[caption id="attachment_366979" align="aligncenter" width="576" caption="dok. pri"][/caption]
Aku barusan bersiap untuk tidur setelah sejak pagi disibukkan dengan tugas sekolahan di siang terik itu ketika Aku diajak ke Padangpatu oleh salah seorang teman guru. Setelah mengetahui maksud tujuannya ke Padangpatu, Aku segera mengiyakannya. Bukan karena tujuanku sama dengan tujuan teman guru tadi, namun karena memang hobbiku traveling dan kebetulan sudah tidak ada lagi tugas sekolah yang harus kukerjakan.
Segera kusiapkan perlengkapan wajibku, kamera DSLR 18 – 55 mm ditambah lensa tele 300 mm, teropong, smartphone yang dilengkapi dengan GPS dan Kompas, serta sebotol kecil air minum yang semuanya kusimpan dalam tas selempang kecil yang selalu menemaniku bepergian di alam bebas.
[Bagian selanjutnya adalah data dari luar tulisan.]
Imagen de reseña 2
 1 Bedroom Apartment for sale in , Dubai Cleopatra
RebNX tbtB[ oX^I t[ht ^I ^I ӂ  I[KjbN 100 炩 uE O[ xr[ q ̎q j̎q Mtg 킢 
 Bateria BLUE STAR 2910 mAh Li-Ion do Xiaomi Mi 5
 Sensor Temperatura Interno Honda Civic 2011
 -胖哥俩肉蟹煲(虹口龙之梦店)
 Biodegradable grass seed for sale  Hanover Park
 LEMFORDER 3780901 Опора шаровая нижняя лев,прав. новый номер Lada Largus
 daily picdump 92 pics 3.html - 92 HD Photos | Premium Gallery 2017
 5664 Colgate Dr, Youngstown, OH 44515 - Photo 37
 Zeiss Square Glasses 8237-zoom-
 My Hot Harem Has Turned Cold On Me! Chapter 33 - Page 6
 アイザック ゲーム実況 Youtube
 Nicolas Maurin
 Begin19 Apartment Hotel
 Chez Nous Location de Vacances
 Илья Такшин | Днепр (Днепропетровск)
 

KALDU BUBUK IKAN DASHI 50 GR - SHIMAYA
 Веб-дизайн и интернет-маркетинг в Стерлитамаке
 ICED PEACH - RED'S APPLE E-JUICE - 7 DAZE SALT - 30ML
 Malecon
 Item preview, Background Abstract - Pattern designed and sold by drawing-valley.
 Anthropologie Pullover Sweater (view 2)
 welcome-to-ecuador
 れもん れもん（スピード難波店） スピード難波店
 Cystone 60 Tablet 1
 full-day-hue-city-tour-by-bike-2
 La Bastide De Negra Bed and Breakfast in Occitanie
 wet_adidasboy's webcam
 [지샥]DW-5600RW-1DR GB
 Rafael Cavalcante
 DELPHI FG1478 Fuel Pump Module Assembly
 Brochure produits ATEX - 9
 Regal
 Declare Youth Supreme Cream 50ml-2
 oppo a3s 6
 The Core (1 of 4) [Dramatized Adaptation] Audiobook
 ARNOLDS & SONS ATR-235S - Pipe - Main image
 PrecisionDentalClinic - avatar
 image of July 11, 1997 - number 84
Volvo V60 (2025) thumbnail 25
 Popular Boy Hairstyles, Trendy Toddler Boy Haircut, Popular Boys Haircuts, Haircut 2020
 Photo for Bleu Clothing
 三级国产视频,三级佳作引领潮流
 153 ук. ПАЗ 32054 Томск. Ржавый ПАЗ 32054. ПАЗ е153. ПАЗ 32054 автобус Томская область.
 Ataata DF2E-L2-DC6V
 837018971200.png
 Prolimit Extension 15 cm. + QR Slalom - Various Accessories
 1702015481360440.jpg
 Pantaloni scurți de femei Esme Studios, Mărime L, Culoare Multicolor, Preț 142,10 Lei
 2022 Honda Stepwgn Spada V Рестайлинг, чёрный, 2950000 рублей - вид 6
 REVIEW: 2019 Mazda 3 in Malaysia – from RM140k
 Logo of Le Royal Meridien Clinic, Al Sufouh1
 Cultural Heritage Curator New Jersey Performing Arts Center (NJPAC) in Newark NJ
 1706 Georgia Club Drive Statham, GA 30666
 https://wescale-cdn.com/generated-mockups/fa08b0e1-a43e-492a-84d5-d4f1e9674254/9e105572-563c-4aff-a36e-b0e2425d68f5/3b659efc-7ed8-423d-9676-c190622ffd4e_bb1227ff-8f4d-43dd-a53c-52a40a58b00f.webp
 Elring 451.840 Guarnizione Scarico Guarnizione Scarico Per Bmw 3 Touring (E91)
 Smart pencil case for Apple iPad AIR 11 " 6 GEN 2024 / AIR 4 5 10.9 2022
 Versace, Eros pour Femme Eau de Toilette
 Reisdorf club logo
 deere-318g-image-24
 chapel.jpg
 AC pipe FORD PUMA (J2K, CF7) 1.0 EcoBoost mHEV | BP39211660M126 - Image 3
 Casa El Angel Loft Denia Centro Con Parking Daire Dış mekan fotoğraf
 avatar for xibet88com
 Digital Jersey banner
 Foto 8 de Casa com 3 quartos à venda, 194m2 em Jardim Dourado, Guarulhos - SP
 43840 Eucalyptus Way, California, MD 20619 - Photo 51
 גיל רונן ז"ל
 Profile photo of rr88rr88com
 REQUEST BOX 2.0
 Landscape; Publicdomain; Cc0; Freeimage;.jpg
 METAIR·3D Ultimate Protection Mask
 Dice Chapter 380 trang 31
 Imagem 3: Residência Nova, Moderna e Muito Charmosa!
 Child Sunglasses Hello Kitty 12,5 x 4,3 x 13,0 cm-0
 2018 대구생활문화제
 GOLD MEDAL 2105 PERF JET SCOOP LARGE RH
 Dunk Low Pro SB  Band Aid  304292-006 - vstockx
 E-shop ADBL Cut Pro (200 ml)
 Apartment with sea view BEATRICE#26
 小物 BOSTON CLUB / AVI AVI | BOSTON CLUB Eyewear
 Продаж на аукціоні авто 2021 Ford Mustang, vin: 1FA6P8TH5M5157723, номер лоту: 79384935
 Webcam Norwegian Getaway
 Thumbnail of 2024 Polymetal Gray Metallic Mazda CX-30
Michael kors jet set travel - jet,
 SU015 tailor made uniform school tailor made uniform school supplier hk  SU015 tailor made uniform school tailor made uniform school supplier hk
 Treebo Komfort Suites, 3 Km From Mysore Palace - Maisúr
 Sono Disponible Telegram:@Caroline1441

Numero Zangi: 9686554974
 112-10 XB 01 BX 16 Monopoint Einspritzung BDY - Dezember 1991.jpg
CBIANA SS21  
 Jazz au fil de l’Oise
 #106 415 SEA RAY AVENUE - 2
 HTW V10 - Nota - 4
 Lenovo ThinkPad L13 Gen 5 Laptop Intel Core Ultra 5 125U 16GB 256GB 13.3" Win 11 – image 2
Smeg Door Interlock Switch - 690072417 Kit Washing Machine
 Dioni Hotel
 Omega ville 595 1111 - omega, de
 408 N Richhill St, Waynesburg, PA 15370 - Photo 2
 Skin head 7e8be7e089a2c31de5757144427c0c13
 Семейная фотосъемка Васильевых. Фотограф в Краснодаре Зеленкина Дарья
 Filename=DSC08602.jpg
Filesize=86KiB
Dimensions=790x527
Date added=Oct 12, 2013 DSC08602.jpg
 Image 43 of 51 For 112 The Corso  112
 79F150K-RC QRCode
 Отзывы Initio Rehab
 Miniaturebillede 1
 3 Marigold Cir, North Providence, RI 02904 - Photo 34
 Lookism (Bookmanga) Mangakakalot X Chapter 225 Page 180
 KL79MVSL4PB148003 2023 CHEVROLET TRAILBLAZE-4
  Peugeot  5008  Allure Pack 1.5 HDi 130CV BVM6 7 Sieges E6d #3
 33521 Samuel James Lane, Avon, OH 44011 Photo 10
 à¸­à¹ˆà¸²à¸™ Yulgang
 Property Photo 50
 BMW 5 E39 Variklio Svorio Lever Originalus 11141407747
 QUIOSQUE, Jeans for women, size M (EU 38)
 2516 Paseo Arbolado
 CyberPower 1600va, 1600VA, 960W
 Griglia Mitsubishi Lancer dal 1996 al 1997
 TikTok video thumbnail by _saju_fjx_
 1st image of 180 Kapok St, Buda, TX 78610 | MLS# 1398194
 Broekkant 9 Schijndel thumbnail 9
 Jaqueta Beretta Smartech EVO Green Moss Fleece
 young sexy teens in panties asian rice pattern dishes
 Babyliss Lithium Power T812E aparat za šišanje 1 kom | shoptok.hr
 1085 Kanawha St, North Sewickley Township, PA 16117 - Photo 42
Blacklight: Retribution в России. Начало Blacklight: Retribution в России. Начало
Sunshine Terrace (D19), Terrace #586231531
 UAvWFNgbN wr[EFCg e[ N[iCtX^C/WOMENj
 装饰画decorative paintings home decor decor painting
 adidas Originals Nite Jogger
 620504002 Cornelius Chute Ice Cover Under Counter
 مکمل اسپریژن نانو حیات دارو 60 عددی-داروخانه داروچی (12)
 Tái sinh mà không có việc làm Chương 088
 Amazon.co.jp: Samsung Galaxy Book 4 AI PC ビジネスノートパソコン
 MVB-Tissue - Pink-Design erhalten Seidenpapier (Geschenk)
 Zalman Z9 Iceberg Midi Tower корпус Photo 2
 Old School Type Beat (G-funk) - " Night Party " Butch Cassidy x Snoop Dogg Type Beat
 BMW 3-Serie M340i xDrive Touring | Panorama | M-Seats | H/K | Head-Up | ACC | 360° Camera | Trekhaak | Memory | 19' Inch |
Tak lupa, Aku mengajak rekan-rekan Guru yang lain yang kebetulan bermalam di sekolah pada saat itu. Tapi setelah kujelaskan, bahwa perjalanan ini betul-betul harus “ berjalan “, mereka langsung mundur dengan berbagai alasan. Akupun jadi maklum, karena mereka memang tidak terbiasa bepergian dengan jalan kaki dan juga karena faktor usia yang sudah tidak memungkinkan untuk berjalan jauh apalagi untuk mendaki.
Perjalanan ke Padangpatu kali ini sangat terasa singkat dibanding perjalanan pertama beberapa tahun yang lalu. Maklum, kali ini ada dua orang siswaku yang bersedia jadi penunjuk jalan yang benar ke lokasi Padangpatu. Memang pada perjalanan pertama beberapa tahun yang lalu, bersama dengan rekan guru yang sama, Kami harus menempuh waktu sekitar 2 jam untuk sampai ke Padangpatu melewati sungai yang penuh dengan bebatuan sebesar mobil, hutan lebat yang tak ditembus cahaya matahari yang sempat membuat Kami tersesat, dan jalanan yang bahkan sapi liarpun tidak pernah melewatinya, kecuali mungkin oleh ular phyton atau ular hitam dan sejenisnya. Maklumlah, saat itu tidak ada yang bersedia menemani Kami karena mereka tidak berani mengambil resiko ke Padangpatu yang menurut mereka sangat angker.
Setelah melewati persawahan yang sudah ditanami dan menyejukkan pandangan, Kami memasuki kawasan Padangpatu. Sesuai dengan namanya, kawasan ini betul-betul penuh dengan bebatuan beraneka ragam bentuk. Sejauh mata memandang, yang nampak hanyalah batu dan batu walau ada beberapa batang pohon yang tumbuh di sela-selanya, itupun hanyalah pepohonan kecil dan jumlahnya mungkin tidak sampai 10 batang pohon.
Kami berempat segera berembug dan atas informasi dari salah seorang siswa, akhirnya Kami sepakat untuk meneruskan perjalanan ke sungai yang ada di sebelah Padangpatu, karena tujuan utama teman guru yang mengajak tadi adalah mencari bebatuan yang sekiranya bisa dipoles menjadi batu perhiasan.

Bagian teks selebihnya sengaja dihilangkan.